Who are these people? The meeting will include a "who's who of conservative leaders -- economic, national security and social," said one attendee, who shared initial word of the secret session only on the basis of anonymity and with some details about the host and location redacted.

Details of next week's post-election meeting, to be attended by state chairmen and prominent activists from the conservative wing of the party, are being kept secret for fear of being seen to pre-empt the outcome of the presidential contest.

But someone has already leaked word about the meeting.

Sarah Palin, John McCain's running-mate, though not present, will be a central figure in discussions about the party's future. "It is about what direction the party takes, the proverbial struggle for the soul of the party," Norman Ornstein, an analyst at the Washington-based American Enterprise Institute, the home of the neo-conservatives, said yesterday. "There will be a million postmortems and finger-pointing. What is unusual is that the finger-pointing has begun before the campaign has ended."
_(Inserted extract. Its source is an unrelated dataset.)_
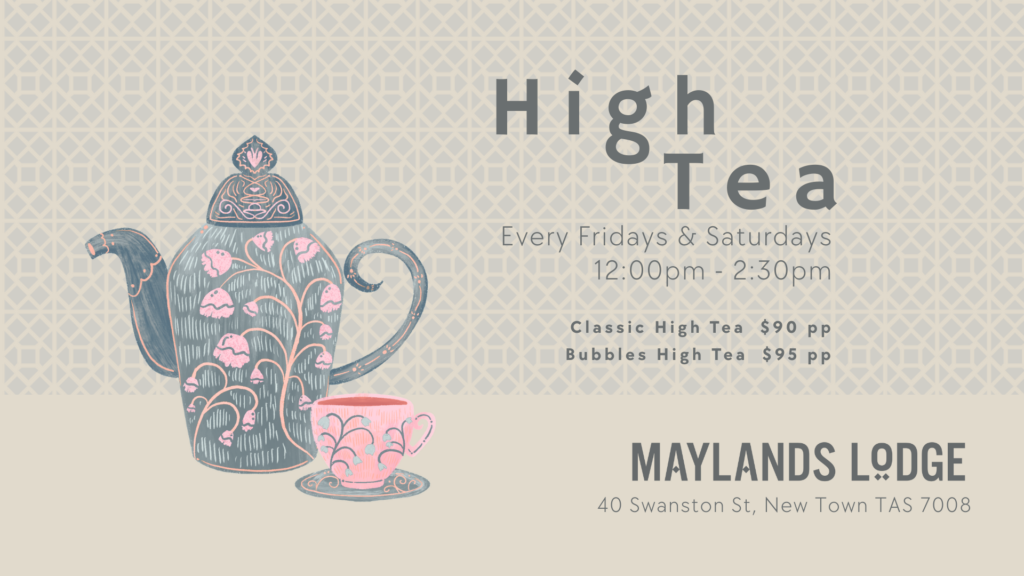 Maylands Lodge High Tea Banner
Palin seems to have repolaced Huckabee, and certainly Romney, as the darling of the right. Those two presumably are not ready to concede anything just yet.

"There's a sense that the Republican Party is broken, but the conservative movement is not," said this source, suggesting that it was the betrayal of some conservative principles by Bush and congressional leaders that led to the party's decline.

Conservatism not broken? Delusional.

Should McCain lose next Tuesday, the conversation will include who to groom as the next generation of conservative leaders – a list that will feature Palin at or near the top.

Grooming the heir-apparent. To take over what, exactly?

Few believe that the Republican party will respond to another brutal election by following a path of moderation, but conservatives are deeply dispirited and anxious to reassert the core values they believe have not always been followed by Bush, congressional leaders and their party’s presidential nominee . Many on the right, both elites and the rank-and-file, see a rudderless party that is in dire need of new blood and old principles: small government, a robust national security and unapologetic social conservatism.

Retreat to the far right; now, that's sensible.

Rush Limbaugh, a powerful figure in the party whose influence has spanned years of the GOP in and out of power, gave voice to this frustration Tuesday, saying candidly that "there is no elected or political leadership in Washington or in the Republican Party that people can rally around."

Limbaugh the king-maker. A windbag, certainly. An ideologue.